- **Supplied data**:
::::::::::

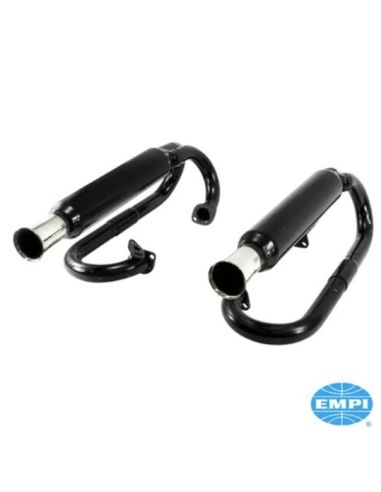 Exhaust system, Dual, black with chrome tips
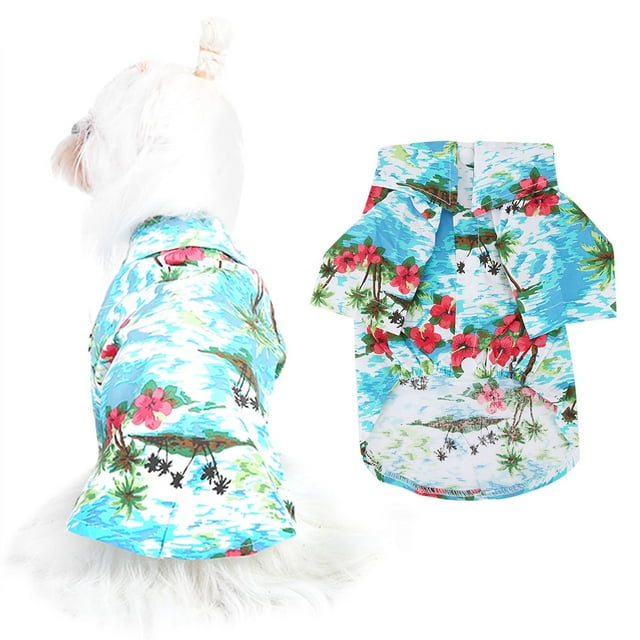 Ropa transpirable de moda para mascotas, camisa hawaiana para perros y gatos (talla M)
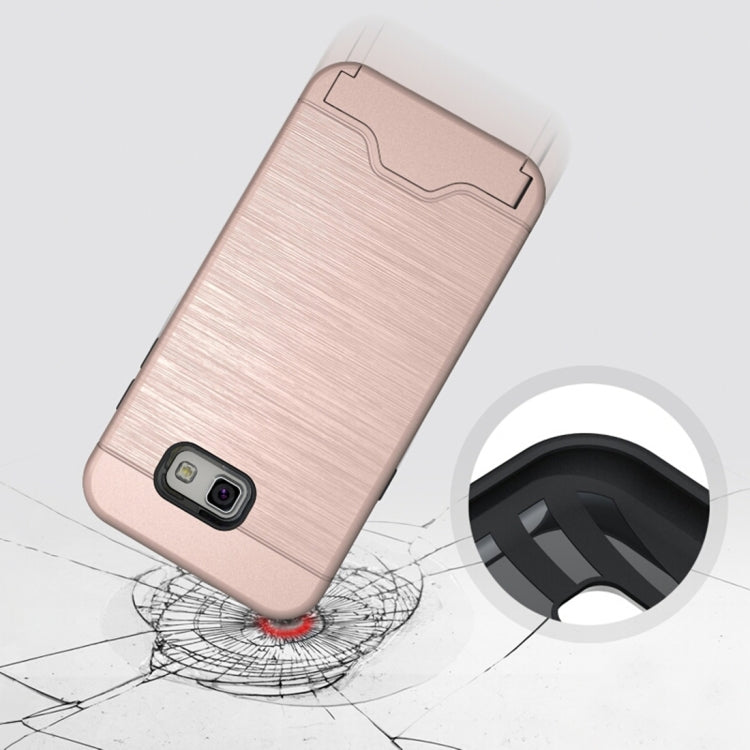 For Galaxy A7 (2017) / A720 Brushed Texture Separable PC + TPU Protective Combination Back Case with Holder & Card Slot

::::::::::

- **Task objective**: The line with "Ropa transpirable de" and each line after it, through the final line of the data, are to be duplicated exactly, with pictures left out and nothing more included.

- **Solved exercise**:
 Ropa transpirable de moda para mascotas, camisa hawaiana para perros y gatos (talla M)
 For Galaxy A7 (2017) / A720 Brushed Texture Separable PC + TPU Protective Combination Back Case with Holder & Card Slot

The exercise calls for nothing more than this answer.